What this tells me about 2020 is that Jeff Van Drew could have a tough reelection bid in CD2 – even with the attempt to inoculate himself by voting against the impeachment inquiry.  Those types of calculations rarely help if the political environment is against you (cf. John Adler and his ACA vote). Yesterday’s results also means that Andy Kim will need an even greater suburban turnout in the Burlington portion of CD3 to offset Trump’s strength in the Ocean County portion.  On the other hand, Mikie Sherrill (CD11) and Tom Malinowski (CD7) probably can count on stronger Democrat turnout in their districts next year.  Results in hotly contested local races (such as the strong Democratic performance in Somerset County) seem to support the idea that there is Democratic vote to be tapped that wasn’t this year in districts with popular moderate Republican state legislators.  This is not to say that anything is guaranteed, just that the evidence does not support one can count on a return to Republican voting patterns in those suburbs.

In the end, it is not the night New Jersey Democrats wanted and the state Republican Party got a reprieve from the ever-present death watch.  But the results also suggest that in a national context, Democrats will continue to do well in the suburbs while Republican success may be limited to the most Trump-friendly parts of the state.

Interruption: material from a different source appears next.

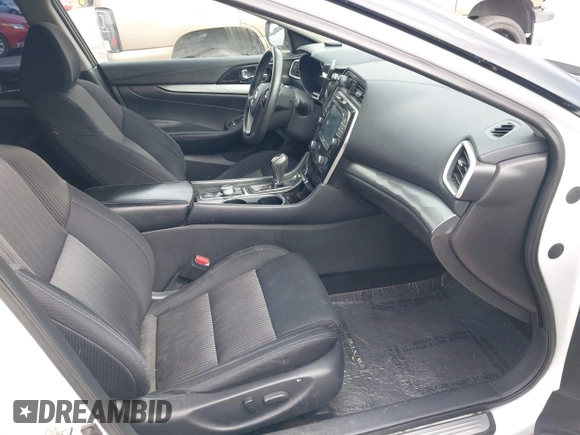 2016 Nissan Maxima SR with VIN 1N4AA6AP4GC449440, listed as a IAAI auction lot 41756271 with 136,685 mi miles and . Bid and sale history available at DreamBid. Image 5.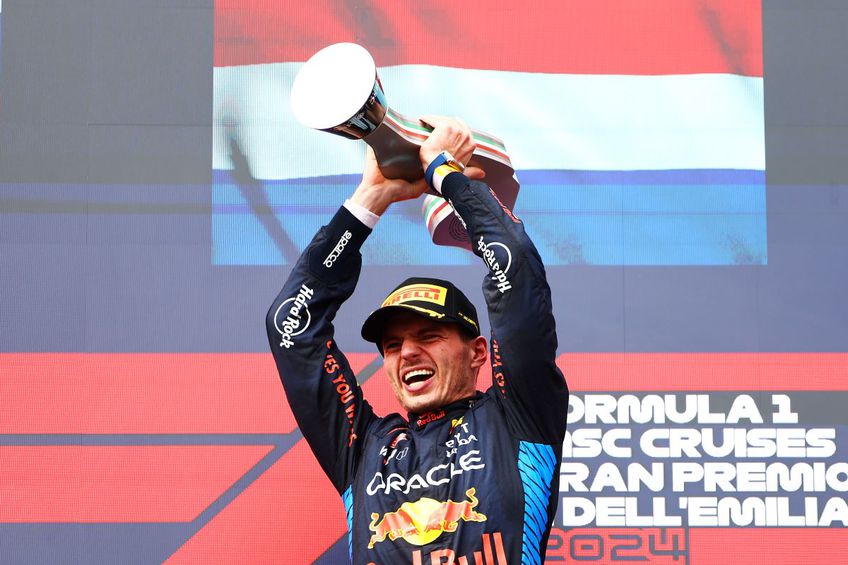 Max Verstappen sărbătorind victoria în Marele Premiu al Emilia Romagna Foto: Guliver/GettyImages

What does this mean for Phil Murphy?

The governor and first lady, Tammy Murphy, made a mad scramble to hit as many parts of the state as possible in the last days of the race. This was a smart move with little downside for him – even though most of the candidates they were stumping for would have preferred to use that time on last minute GOTV efforts rather than gubernatorial photo ops.  While Murphy’s direct impact on the outcome was limited, if there had been an upset he could have claimed credit for the victory.  On the other hand, in the worst case legislative scenario for Democrats (which is what actually happened), he would have been blamed regardless of whether he went on the campaign trail or not.  

Republicans aren’t the only ones who will be calling this “the Murphy midterm.” You can expect the South Jersey wing of the Democratic Party to start saying that as well. [Although Murphy can counter this with the fact that the only Dem losses were in South Jersey.] All this is a lead-up to the big prize in January – i.e. who will head the state Democratic Party.  The anti-Murphy Democrats will attempt to use these results to rally committee members to oust the sitting chairman John Currie as ineffective.  This is one of the reasons why Murphy ended his Election Day in Somerville.  The Democratic bright spot was success at the county and local level.  The support of these leaders – particularly key players like Somerset County Democratic Chairwoman, and state vice chair, Peg Schaffer – will be crucial to Murphy keeping Currie in his position.